◆ Exercise objective:
Take the lines from the one with "boy spinning inside of a carousel sticker" to the end of the listing, both ends included, and quote them exactly, leaving pictures out.

◆ Information supplied:
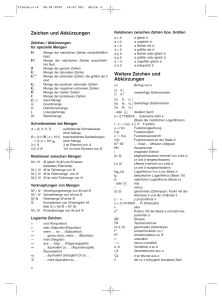 Zeichen und Abkürzungen Weitere Zeichen und Abkürzungen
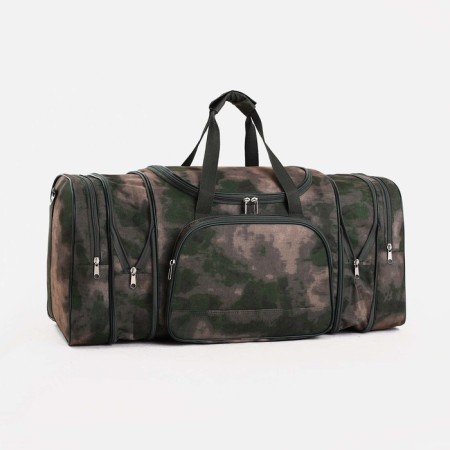 Road bag on a zipper, with an increase, 3 outer pockets, a long belt, camouflage color/green-2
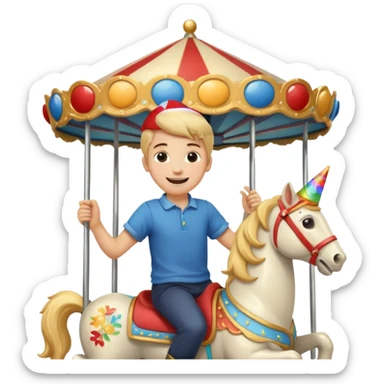 boy spinning inside of a carousel sticker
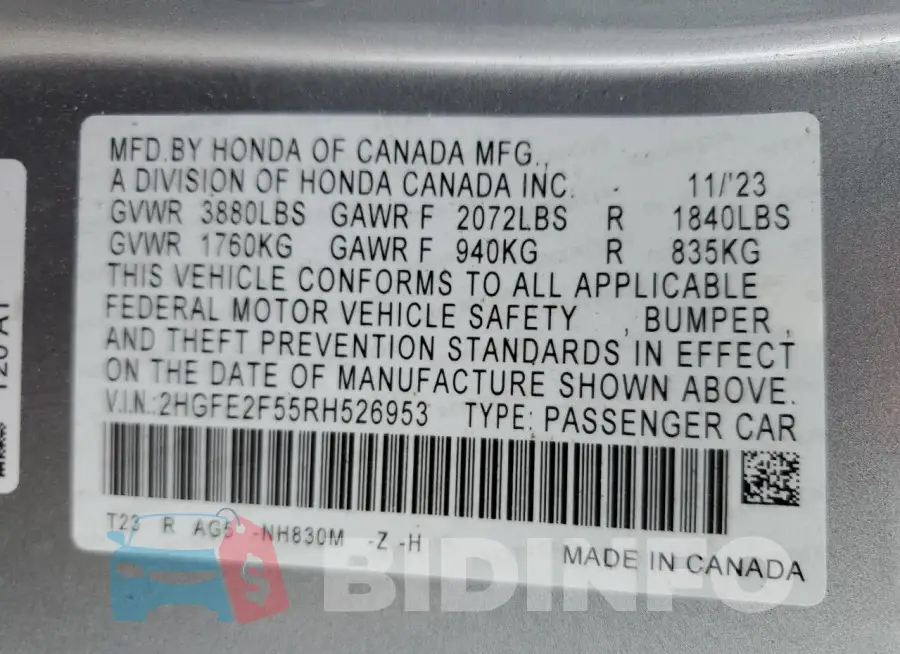 2HGFE2F55RH526953 Photo# 12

◆ Response box:
 boy spinning inside of a carousel sticker
 2HGFE2F55RH526953 Photo# 12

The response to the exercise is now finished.